● Problem description:
Return all the lines below exactly as written. Drop every picture.

● Given information:
###
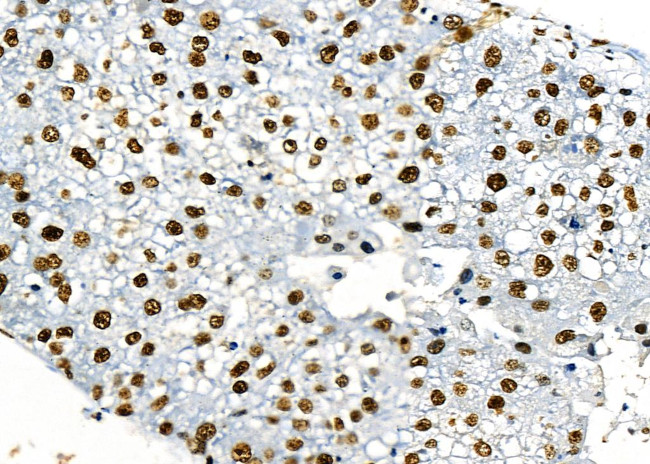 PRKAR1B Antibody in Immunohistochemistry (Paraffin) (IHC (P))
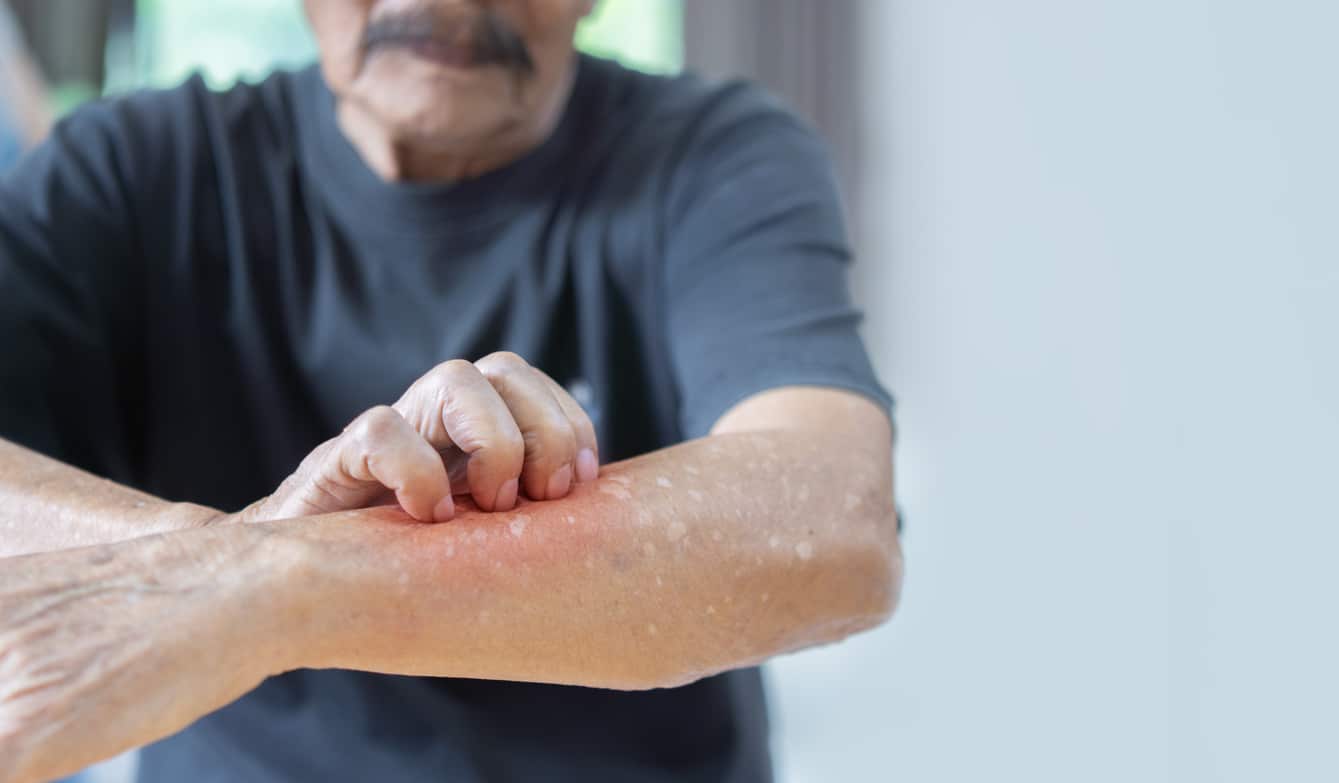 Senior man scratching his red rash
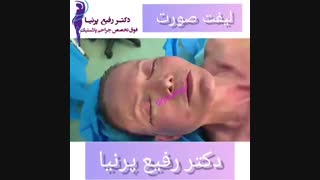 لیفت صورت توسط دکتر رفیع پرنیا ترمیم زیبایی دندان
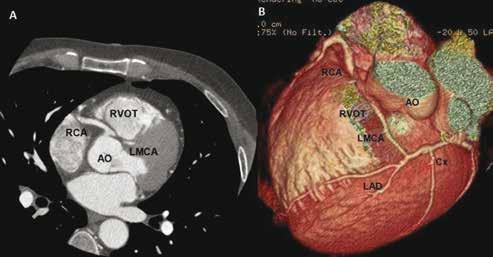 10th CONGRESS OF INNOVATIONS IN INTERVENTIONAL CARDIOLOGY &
###
● Output of the task:
 PRKAR1B Antibody in Immunohistochemistry (Paraffin) (IHC (P))
 Senior man scratching his red rash
 لیفت صورت توسط دکتر رفیع پرنیا ترمیم زیبایی دندان
 10th CONGRESS OF INNOVATIONS IN INTERVENTIONAL CARDIOLOGY &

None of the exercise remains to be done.